The political rally is very strong. The crowd is exuberant. “These days they yell for anything,” says the butler, so he stands up on a dare and yells, “fish for sale!” The crowd cheers. The candidates are seen in brief excerpts from their speeches, talking nonsense and gibberish—literally gibberish. “My record’s my platform,” says the candidate, but Katrin rises to question him from her notes on nepotism and negligence, creating a sensation and making the news. How can the Congressman fire her? “They’ll call me a Fascist!”

The opposition party mulls her over. “I don’t know anything about her, except sometimes you can get lucky and put over a freak.” What’s her idea of a representative? “Someone who represents” the people. She’s the new candidate, and her campaign looks like The Candidate until the Congressman and her brothers eject her trainer. Don’t do “bad imitations of a lot of bad speechmakers,” she’s told, “be yourself.” She resumes her speech on the “power and right” to vote not ranting anymore, but straightforward.

The sign painter turns up at her opponent’s headquarters to tell a dirty tale and collect some money. “What kind of a campaign do you think we’re running here,” he’s asked, and out he goes. But the candidate has no compunctions. The Congressman threatens to quit the party and they let him go.

The phony story hits the papers, and Katrin goes home.

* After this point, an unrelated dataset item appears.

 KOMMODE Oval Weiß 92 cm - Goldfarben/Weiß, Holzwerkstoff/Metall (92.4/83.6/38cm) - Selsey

The Congressman follows her there, and her father gives her a talking to. “I thought Katrin was married to the truth,” he says. “Woman or man, if you don’t want to fight for the truth, you don’t belong in Congress.” They go back to Capital City.

The opposition candidate has the sign painter in “protective custody” at the lodge run by his “national organization”, which is “undercover for a while” with its “great plan to educate the public” on the meaning of “100% Americanism,” i.e., “white, not foreign-born, and of the right religion.” The butler boots him out, gathers up his hat and throws it after him. “You forgot your hood!”

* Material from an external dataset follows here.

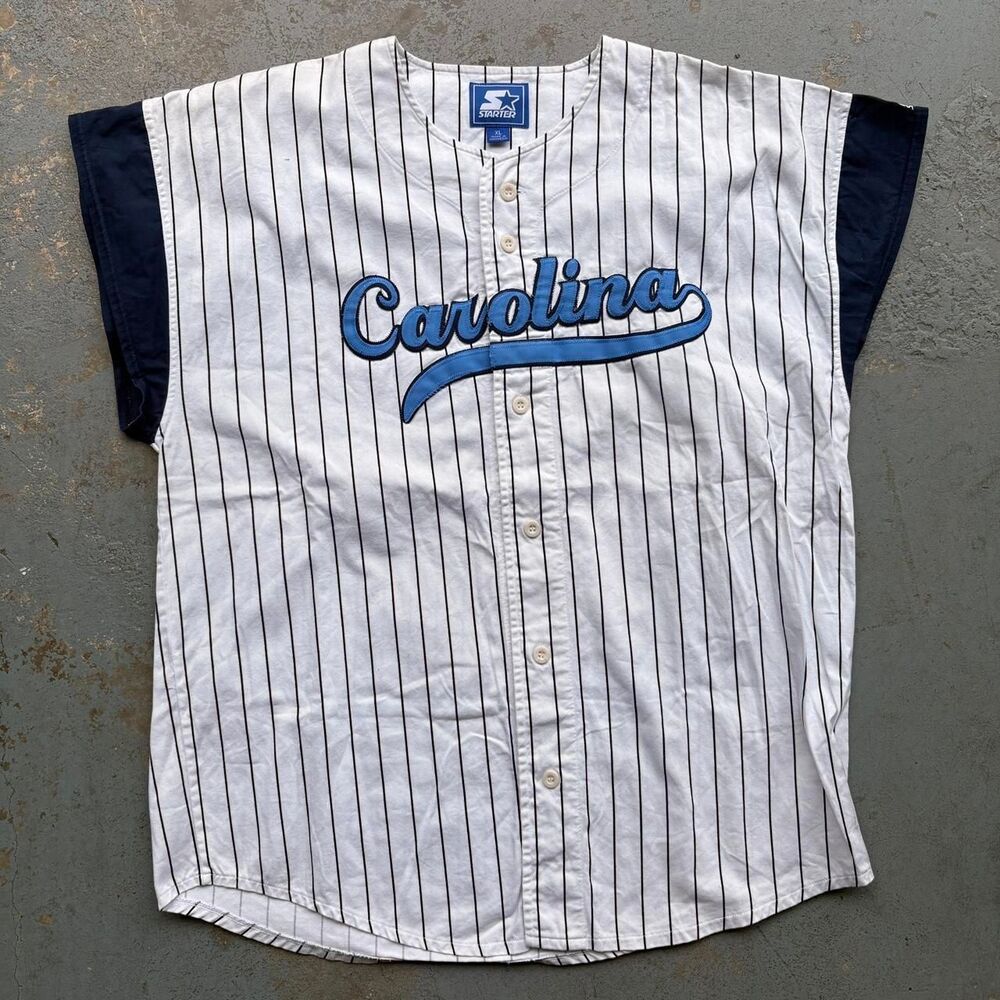 Vintage 90s Starter Carolina Pinstripe Jersey with Classic Embroidered Script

The Congressman and Katrin’s brothers go to the lodge, where the candidate’s thugs have the sign painter tied to a chair and gagged. There is a fight, and one of the brothers dives off a second-story landing like Olivier in the last scene of Hamlet a year later.

The sign painter gives a true account on the radio, and the newspapers report “BOTH PARTIES ENDORSE KATIE”.

He had been told, “once a member of the organization, always a member of the organization. I knew what would happen if I didn’t obey.”

Katrin’s elected, she and the Congressman are married, and he carries her over the threshold into the House.

A wild film by the director of Mr. Blandings Builds His Dream House and The Time of Your Life. The plush settings cushion the sharp ideas, the performances couldn’t be better, and Ethel Barrymore was never more like Barbara Bush.

 

Mr. Blandings Builds His Dream House

The opening scene reveals a certain perfectionism amid the overcrowded New York apartment (it appears here and there, when Mrs. Blandings delivers her color scheme, for instance). The rest is careless enough to find the true foundations that are Tesander and Gussie.

Small details are to be found in the racy script. Simms’ analysis of the flower sink develops into Gen. Turgidson’s report to the President.

 

The Time of Your Life

A San Francisco bar, Nick’s.

Eugene O’Neill had the same idea at the same time, The Iceman Cometh.

Mark Twain strides in, among the characters, one of his characters.

It has a structure, most definitely, it’s the same theme as Ford’s Wagon Master, for example, if you extrapolate the Christian charity for the nonce.

Why should the bar be clean, and everything else filthy?

Nick will have it so, it’s the whole cockamamie world of Valéry’s parasites versus a gangster and his torture chamber.

Crowther of the New York Times was successfully bored by the film and the play.

Variety didn’t get it either, nor TIME, nor Halliwell.